--- Given information ---
++++++

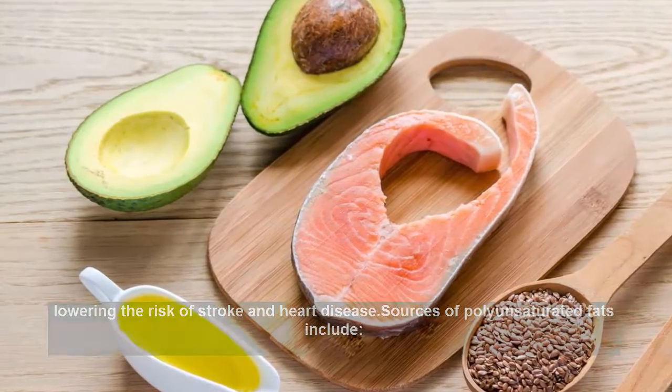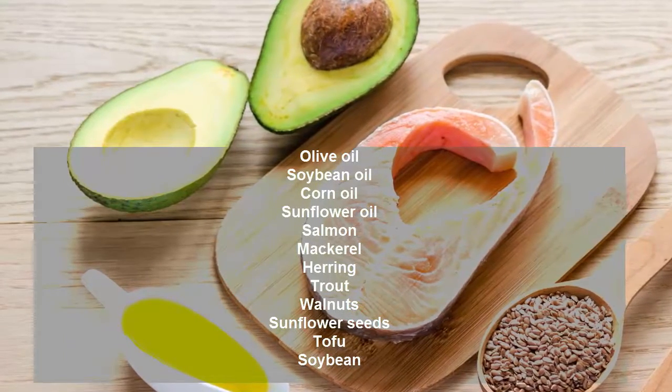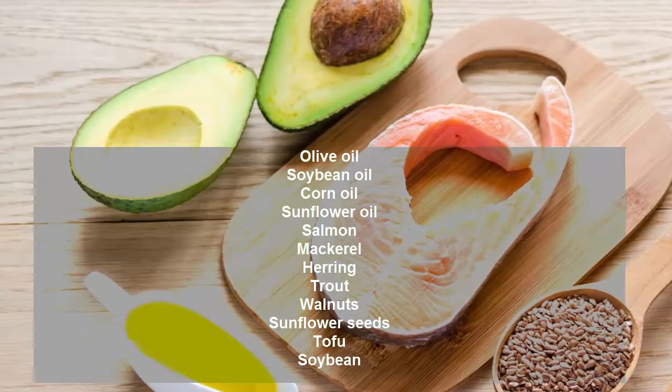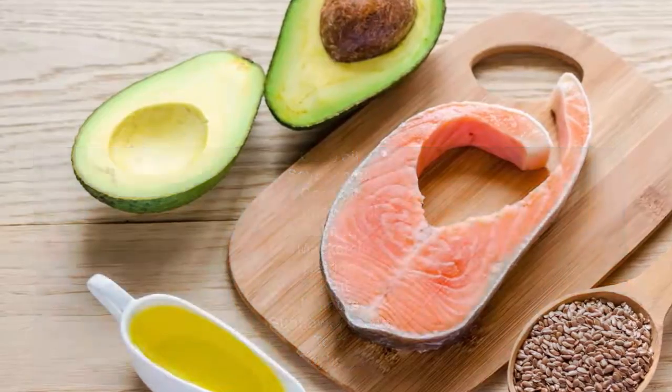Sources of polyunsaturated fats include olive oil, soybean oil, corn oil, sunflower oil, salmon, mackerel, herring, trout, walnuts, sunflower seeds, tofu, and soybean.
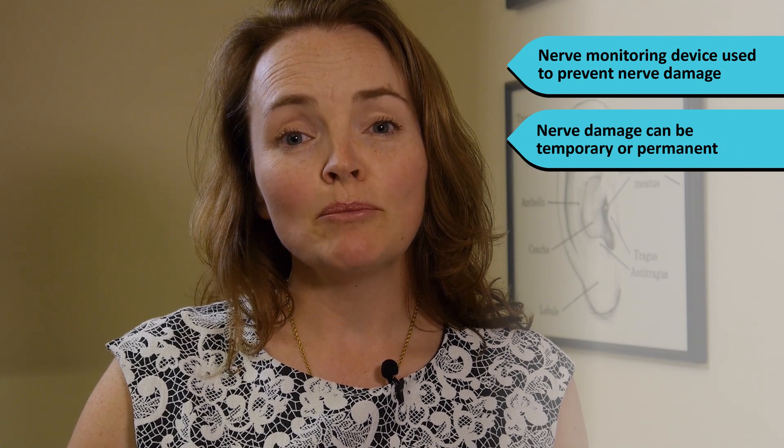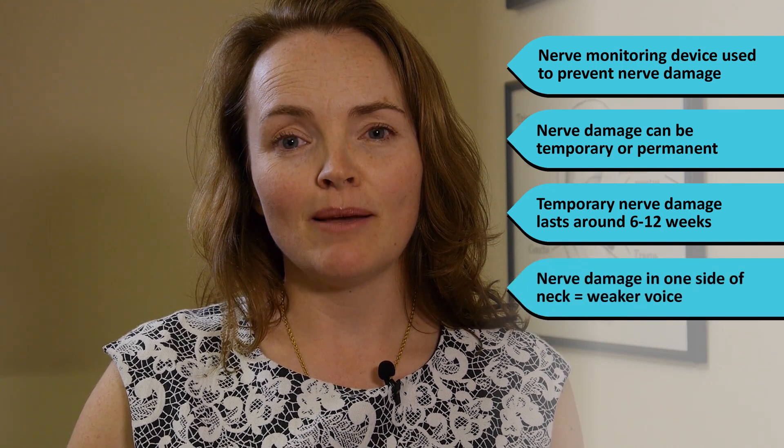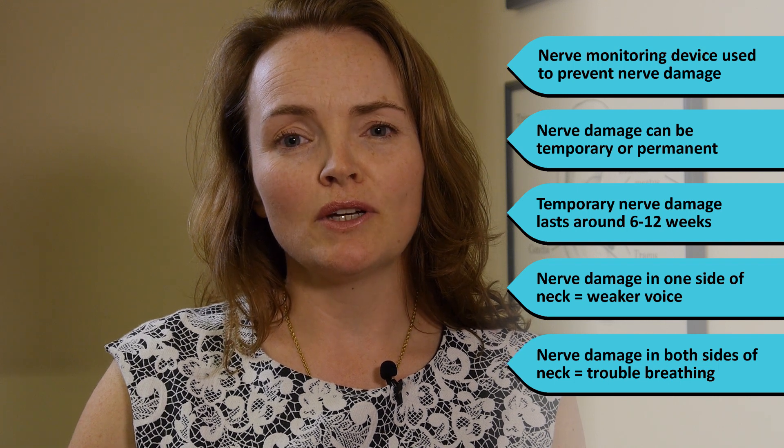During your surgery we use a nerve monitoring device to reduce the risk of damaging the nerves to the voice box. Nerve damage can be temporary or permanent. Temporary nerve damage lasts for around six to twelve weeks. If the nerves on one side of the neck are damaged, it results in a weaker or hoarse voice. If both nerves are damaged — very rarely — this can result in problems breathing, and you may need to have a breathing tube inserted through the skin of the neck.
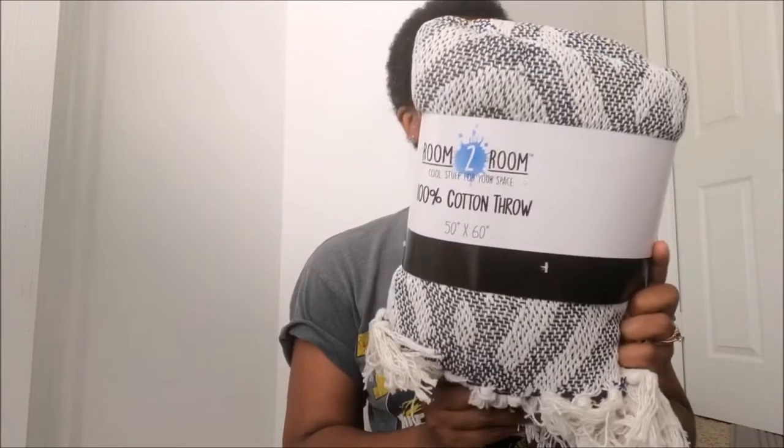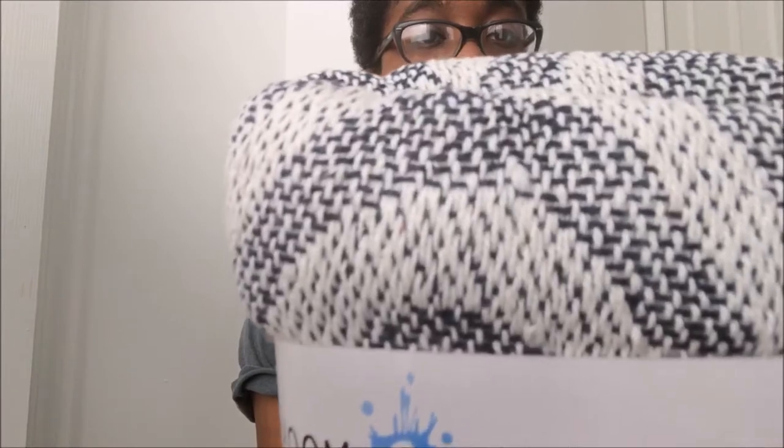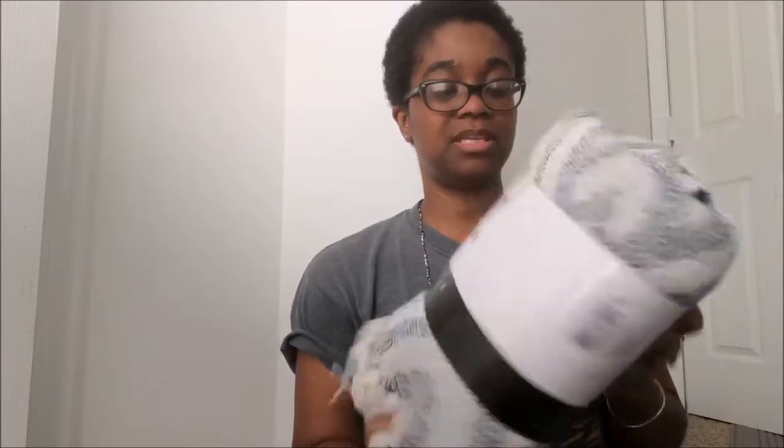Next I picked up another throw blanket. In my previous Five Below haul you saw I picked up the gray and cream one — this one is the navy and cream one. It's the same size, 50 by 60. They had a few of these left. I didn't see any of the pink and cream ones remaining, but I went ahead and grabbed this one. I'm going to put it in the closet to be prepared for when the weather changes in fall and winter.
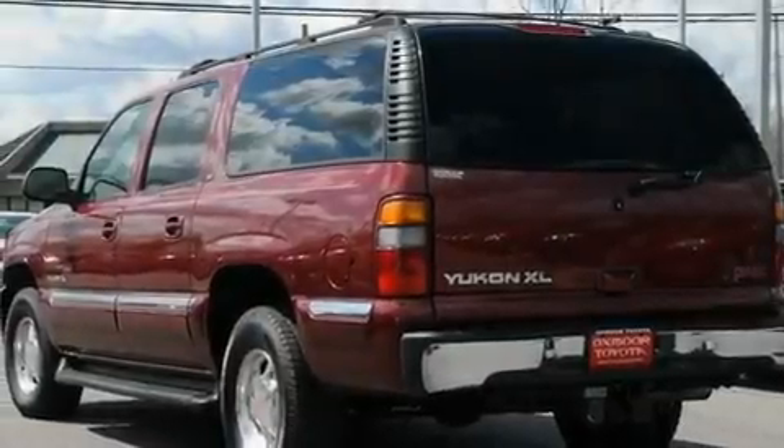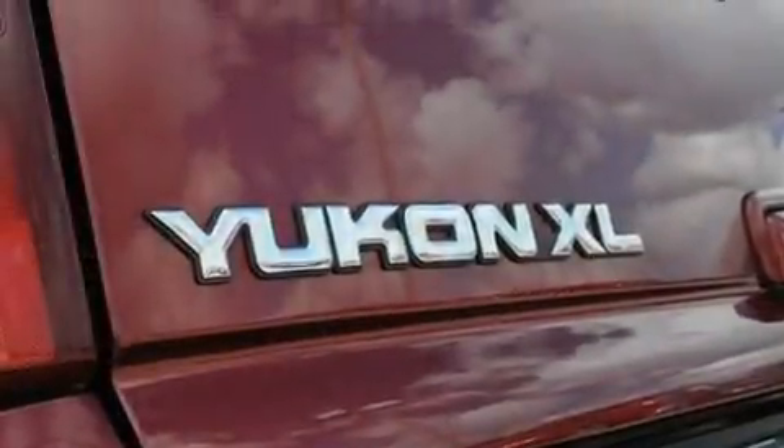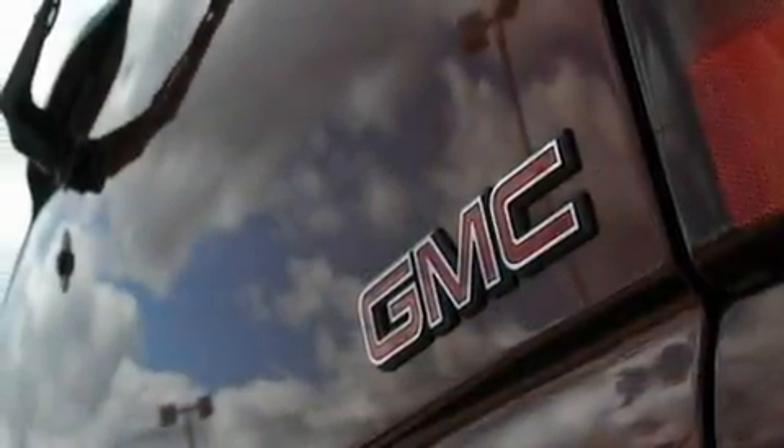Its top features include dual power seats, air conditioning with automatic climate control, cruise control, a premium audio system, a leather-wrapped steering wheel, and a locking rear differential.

++++++

--- Task objective ---
Pictures stay out of the copy; print the material above exactly.

--- Response area ---
Sources of polyunsaturated fats include olive oil, soybean oil, corn oil, sunflower oil, salmon, mackerel, herring, trout, walnuts, sunflower seeds, tofu, and soybean.
During your surgery we use a nerve monitoring device to reduce the risk of damaging the nerves to the voice box. Nerve damage can be temporary or permanent. Temporary nerve damage lasts for around six to twelve weeks. If the nerves on one side of the neck are damaged, it results in a weaker or hoarse voice. If both nerves are damaged — very rarely — this can result in problems breathing, and you may need to have a breathing tube inserted through the skin of the neck.
Next I picked up another throw blanket. In my previous Five Below haul you saw I picked up the gray and cream one — this one is the navy and cream one. It's the same size, 50 by 60. They had a few of these left. I didn't see any of the pink and cream ones remaining, but I went ahead and grabbed this one. I'm going to put it in the closet to be prepared for when the weather changes in fall and winter.
Its top features include dual power seats, air conditioning with automatic climate control, cruise control, a premium audio system, a leather-wrapped steering wheel, and a locking rear differential.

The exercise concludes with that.